_WHAT THE TASK REQUIRES_. Only one span of the listing below is wanted: the lines from the one with "Prefeitura de Araxá" through the one with "Transform image into cartoon doll style", reproduced exactly, both ends kept.

_STUDY MATERIAL_.
=== Section Start ===
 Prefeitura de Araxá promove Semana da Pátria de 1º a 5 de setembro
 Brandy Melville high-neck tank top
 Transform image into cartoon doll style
=== Section End ===
=== Section Start ===
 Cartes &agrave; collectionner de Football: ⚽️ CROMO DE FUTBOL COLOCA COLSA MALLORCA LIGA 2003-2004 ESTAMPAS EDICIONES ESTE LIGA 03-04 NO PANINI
=== Section End ===
_EXERCISE ANSWER_.
 Prefeitura de Araxá promove Semana da Pátria de 1º a 5 de setembro
 Brandy Melville high-neck tank top
 Transform image into cartoon doll style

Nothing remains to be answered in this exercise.